The Crown prosecutor said the jury might consider his use of “bugger it” was “completely inconsistent with it being to prevent an imminent violent confrontation.”
“You might understand that to mean he was fed up, impatient, not prepared to wait any longer,” he said.
The jury has heard the police officer’s interaction with Mrs Nowland lasted three minutes at most.
In an incident report written after the fatal incident, the police officer recorded that he deployed his Taser because he felt a “violent confrontation was imminent”.
“You might think no reasonable person in the position of the accused at that time would have considered that a violent confrontation with Mrs Nowland was imminent,” Mr Hatfield said.
He suggested the idea that Mrs Nowland could move more than two metres and stab anyone was “just not a realistic possibility at all, having regard for what you can see of her.”
The jury has heard the great-grandmother found it difficult to follow instructions and became uncharacteristically aggressive before her death, which a geriatrician attributed to her undiagnosed dementia.
She weighed less than 48 kgs and relied on a four-wheeled walking frame to shuffle around the nursing home, the court has been told.
Mr Hatfield said there was “an obvious risk” of her falling if struck by a Taser and her “age and frailty” translated into an “obvious risk of really serious injury” from falling onto the floor.
“This was such an utterly unnecessary and obviously excessive use of force on Mrs Nowland that it warrants punishment for manslaughter,” he told the jury.
However, Constable White’s barrister Troy Edwards SC argued his client’s deployment of his Taser was in accordance with his duty as a police officer to protect others.
“People who were there told you again and again that they were frightened that Mrs Nowland would use the knife,” he told the jury during his closing statement.
He urged the jurors to consider the evidence of Constable White’s colleague, Acting Sergeant Jessica Pank, that it “feels pretty different when you’re there” and someone is raising a knife at you.
Constable White and Acting Sergeant Pank were called to Yallambee Lodge to respond to a triple-0 call for assistance with a “very aggressive resident” who was holding two knives.
The court has heard Mrs Nowland entered the rooms of four residents prior to their arrival just before 5am, and she had thrown a knife at one of the nursing home staff.
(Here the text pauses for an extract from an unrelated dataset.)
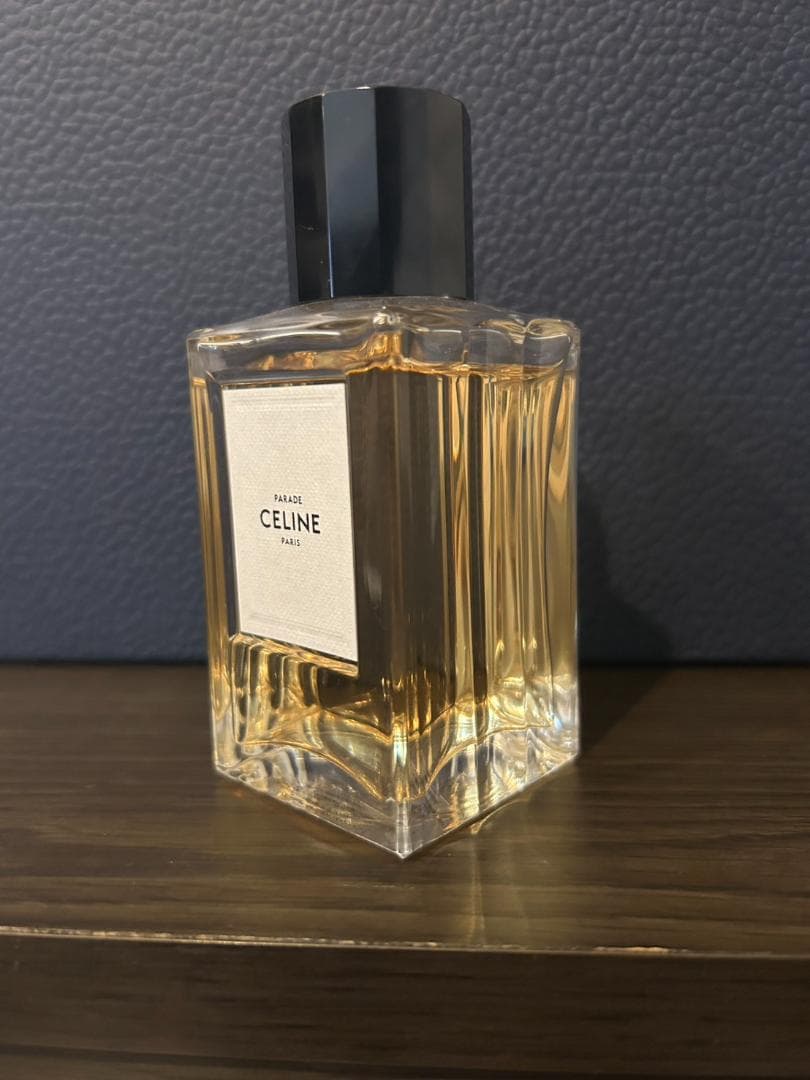 CELINE PARADE 100mm パラード 正規品 香水 セリーヌ
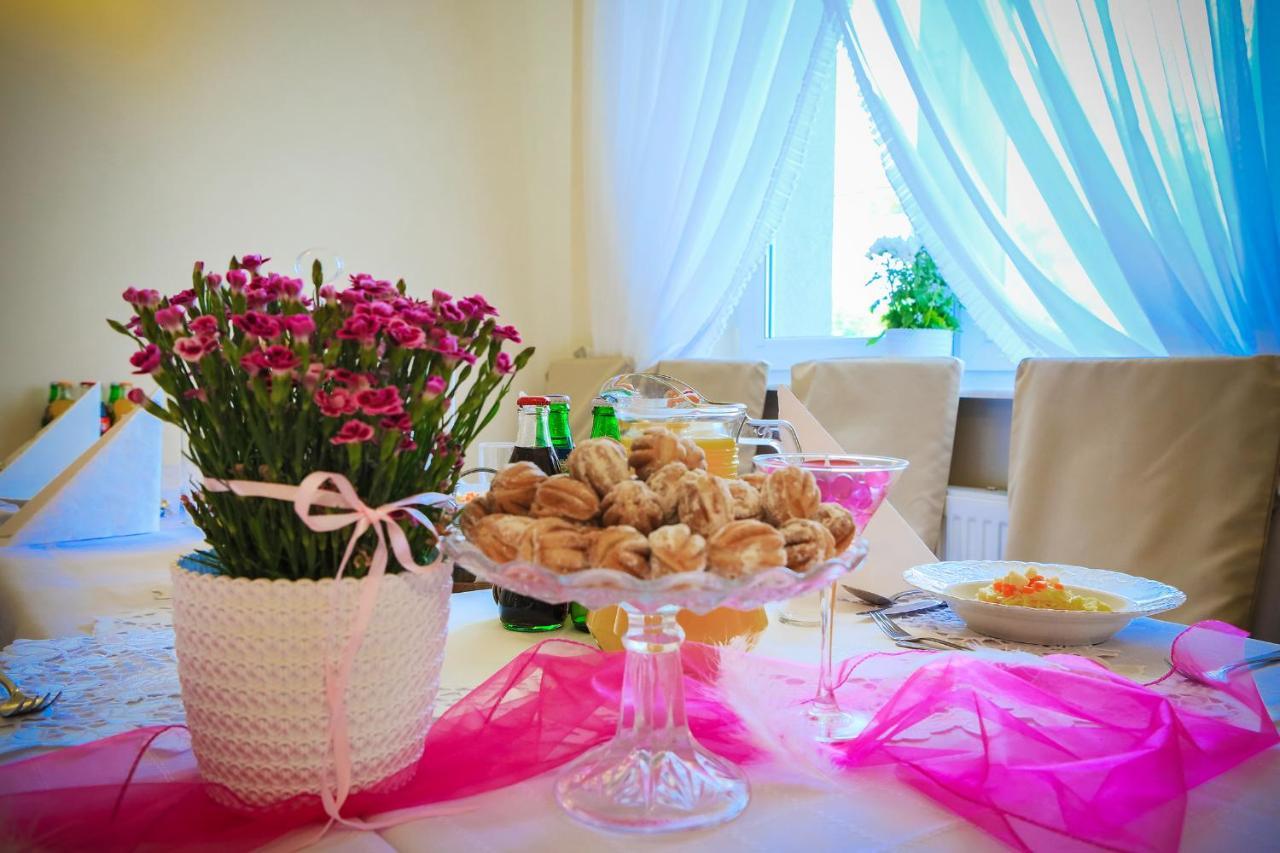 Hotel Gorsko Wieliczka Ngoại thất bức ảnh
“It’s not the case that the accused could have turned on his heels … It was his job to obtain a resolution,” Mr Edwards said.
“He had to disarm her.”
In the footage, Constable White can be heard telling Mrs Nowland to stay seated six times and to drop the knife ten times.
Mr Edwards said he tried negotiating and grabbing the knife from her to “defuse the situation” but his “options had run out”.
“At the time Constable White decided to remove the Taser from his holster … many of the strategies that had been tried … they failed,” he stated.
“You would conclude that Mrs Nowland was determined, absolutely determined to keep possession of the knife. And that determination was evident to Kristian White.”
Mr Edwards asked the jury to consider his client’s “good character” and lack of criminal record when deciding whether he believed the use of force was necessary.
The trial will continue on Wednesday with a summation from Justice Ian Harrison.